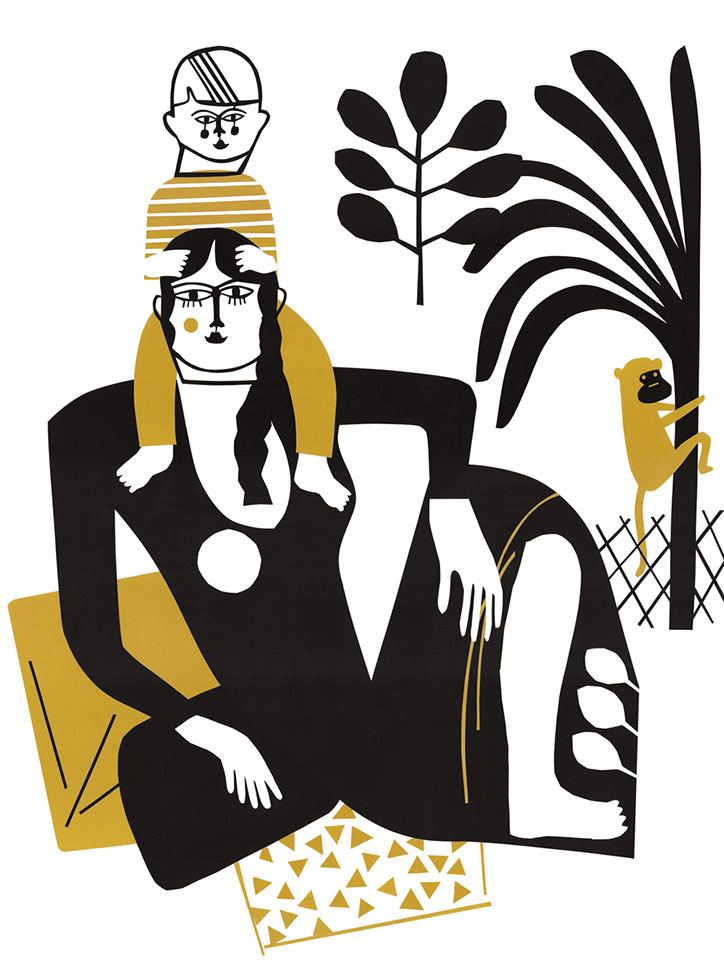 An illustration of a person in a black dress sitting in a black chair. A child sits on their shoulders, and a small yellow monkey clings to a palm tree to the right.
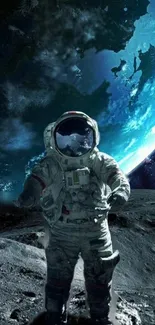 Astronaut standing on the moon with blue galaxy background.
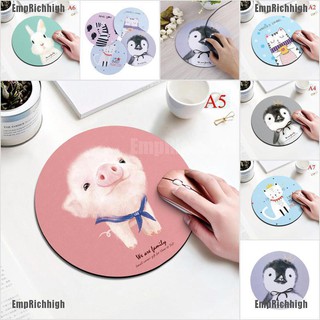 Emprichhigh 1Pc cute mouse pad round office mice pad rubber computer anti-slip table mat (1)
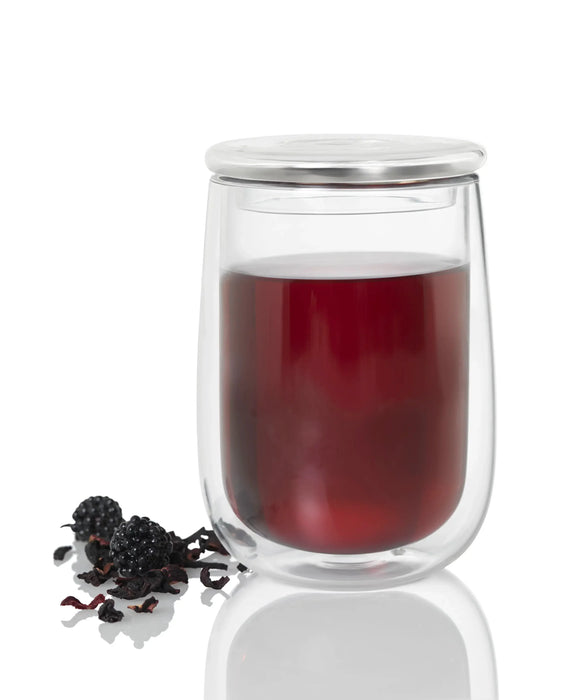 Adhoc Tea Glass with Tea Infuser Fusion Glass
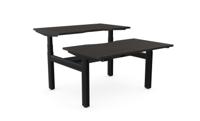Leap Bench Desk Top With Scallop, 1200 x 700mm - Harbour Oak / Black Frame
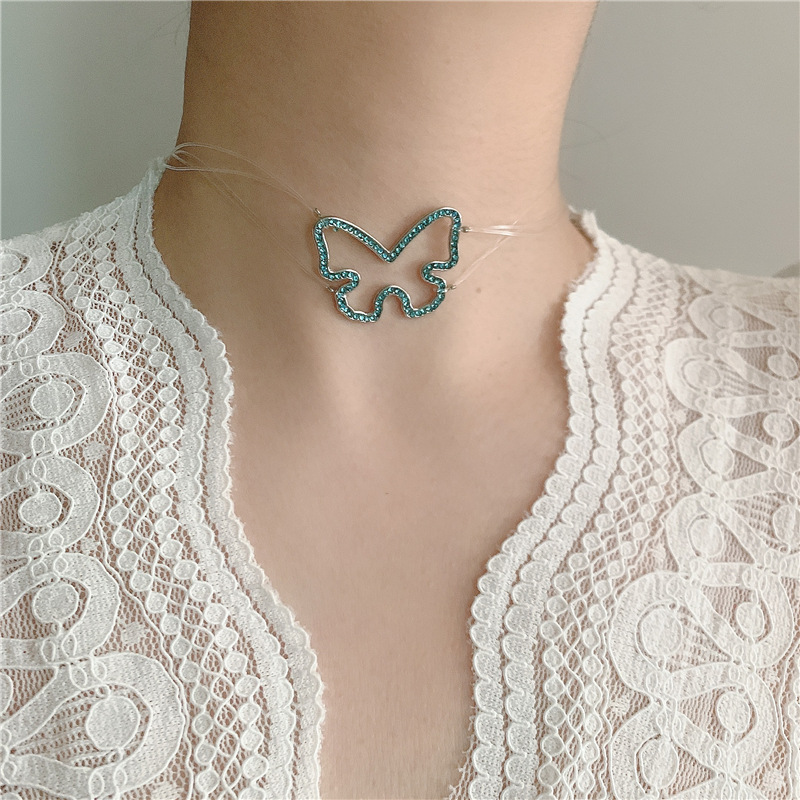 Invisible Fishing Line Full Diamond Butterfly Necklace display picture 20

______________________________

§ What is being asked
Give again, exactly, each line from the one that contains "Emprichhigh 1Pc cute" through the last line of the material above. Pictures do not belong in the copy.

§ Result of the task
 Emprichhigh 1Pc cute mouse pad round office mice pad rubber computer anti-slip table mat (1)
 Adhoc Tea Glass with Tea Infuser Fusion Glass
Leap Bench Desk Top With Scallop, 1200 x 700mm - Harbour Oak / Black Frame
 Invisible Fishing Line Full Diamond Butterfly Necklace display picture 20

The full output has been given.